A: What an opinonated man!

B: Indeed, always volunteering his view...

A: Ah... had that been true I should have listened with interest.

We tend to think that there must be a coherent position held by the author of a text, and that all the parts of that text contribute to it; but we should be able to see that a book is a series of propositions, each of them satisfying in some way, and not necessarily quite coherent, though that is often and admirably the aim. It is even possible that the juxtaposition of two incompatible propositions may be a source of attraction for both reader and writer, for in passing from one to the other without raising the question of their compatibility we may gain some extra sense of security. That is to say, one of the greatest talents of poets and philosophers may be to so collocate propositions from warring families that the conflict becomes invisible. – We have the impression of peace.
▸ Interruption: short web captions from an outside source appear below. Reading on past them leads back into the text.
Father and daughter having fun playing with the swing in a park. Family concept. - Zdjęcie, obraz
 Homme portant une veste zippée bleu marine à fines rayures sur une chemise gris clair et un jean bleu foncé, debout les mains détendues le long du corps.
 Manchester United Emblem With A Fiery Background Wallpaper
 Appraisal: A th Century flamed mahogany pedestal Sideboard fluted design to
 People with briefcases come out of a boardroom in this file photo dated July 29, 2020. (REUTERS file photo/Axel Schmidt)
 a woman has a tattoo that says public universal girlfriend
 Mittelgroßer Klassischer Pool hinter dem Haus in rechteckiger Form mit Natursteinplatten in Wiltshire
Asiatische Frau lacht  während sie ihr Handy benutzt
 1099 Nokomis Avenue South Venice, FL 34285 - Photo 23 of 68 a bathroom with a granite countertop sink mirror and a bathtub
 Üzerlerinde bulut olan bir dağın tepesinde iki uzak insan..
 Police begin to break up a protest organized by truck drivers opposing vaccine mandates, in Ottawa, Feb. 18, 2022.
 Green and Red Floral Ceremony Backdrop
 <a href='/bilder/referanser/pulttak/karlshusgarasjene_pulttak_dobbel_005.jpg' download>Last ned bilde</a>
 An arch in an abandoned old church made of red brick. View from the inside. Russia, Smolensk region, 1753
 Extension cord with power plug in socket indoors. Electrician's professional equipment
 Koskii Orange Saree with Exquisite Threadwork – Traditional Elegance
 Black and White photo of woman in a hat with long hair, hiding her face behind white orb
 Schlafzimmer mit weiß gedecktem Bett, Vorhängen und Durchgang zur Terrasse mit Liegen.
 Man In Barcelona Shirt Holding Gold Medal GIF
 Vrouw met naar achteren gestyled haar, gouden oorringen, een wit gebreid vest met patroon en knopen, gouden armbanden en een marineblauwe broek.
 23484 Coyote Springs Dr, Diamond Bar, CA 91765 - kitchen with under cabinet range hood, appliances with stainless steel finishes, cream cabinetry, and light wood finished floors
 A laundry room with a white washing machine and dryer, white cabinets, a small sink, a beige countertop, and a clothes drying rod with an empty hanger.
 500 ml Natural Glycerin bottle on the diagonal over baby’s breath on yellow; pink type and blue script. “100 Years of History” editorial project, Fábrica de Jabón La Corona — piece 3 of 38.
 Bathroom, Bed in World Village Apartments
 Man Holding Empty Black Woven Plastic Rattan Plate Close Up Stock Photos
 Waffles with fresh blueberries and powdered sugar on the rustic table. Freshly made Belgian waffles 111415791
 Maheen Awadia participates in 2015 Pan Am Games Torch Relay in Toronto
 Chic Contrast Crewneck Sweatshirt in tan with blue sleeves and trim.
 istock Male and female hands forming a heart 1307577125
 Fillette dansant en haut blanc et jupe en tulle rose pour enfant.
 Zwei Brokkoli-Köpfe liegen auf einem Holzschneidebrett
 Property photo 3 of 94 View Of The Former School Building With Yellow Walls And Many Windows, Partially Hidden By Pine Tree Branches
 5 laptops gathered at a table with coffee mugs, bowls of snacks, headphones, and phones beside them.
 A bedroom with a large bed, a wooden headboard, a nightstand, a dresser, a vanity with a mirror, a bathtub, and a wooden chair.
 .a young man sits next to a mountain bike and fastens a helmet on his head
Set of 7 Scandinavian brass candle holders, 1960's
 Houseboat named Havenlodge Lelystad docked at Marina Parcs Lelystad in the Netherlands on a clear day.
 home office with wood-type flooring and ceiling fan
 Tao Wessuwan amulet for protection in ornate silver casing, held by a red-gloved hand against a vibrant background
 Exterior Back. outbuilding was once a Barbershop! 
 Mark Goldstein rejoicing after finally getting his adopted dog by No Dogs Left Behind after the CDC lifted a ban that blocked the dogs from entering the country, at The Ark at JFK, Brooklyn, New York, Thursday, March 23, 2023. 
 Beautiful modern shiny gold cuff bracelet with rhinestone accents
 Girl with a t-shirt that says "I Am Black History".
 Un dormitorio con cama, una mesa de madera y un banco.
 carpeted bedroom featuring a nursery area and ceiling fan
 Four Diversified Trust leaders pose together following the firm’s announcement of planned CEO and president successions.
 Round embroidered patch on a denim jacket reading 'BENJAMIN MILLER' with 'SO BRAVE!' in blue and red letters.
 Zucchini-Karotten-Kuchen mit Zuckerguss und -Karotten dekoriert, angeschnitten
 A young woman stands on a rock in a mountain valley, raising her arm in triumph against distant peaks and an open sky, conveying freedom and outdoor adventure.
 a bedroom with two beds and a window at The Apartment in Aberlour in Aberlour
This impression may not be very difficult to create, for the simple fact that a series of propositions is printed as if it had continuity may mask what would be, in another form, speech say, palpable discontinuity. Those volumes which are assembled from several essays, written over a long period of time, but pretending to cohesion, are obvious examples; however, there is no guarantee that a chapter written at one sitting, or a paragraph, or a sentence, or a phrase, is any more integrated. All these could be said to function as forms invented to the give the appearance of a developing and internally integral argument. They are binding agents. It is most important to see that this does not discredit the book or paragraph, since any means of reconciling opposites is welcome. In the experience of reading a book or a poem, it is actually the case that the warring propositions are at peace; and that peace is not an illusion, even though the propositions will quickly trade blow for blow outside these forms.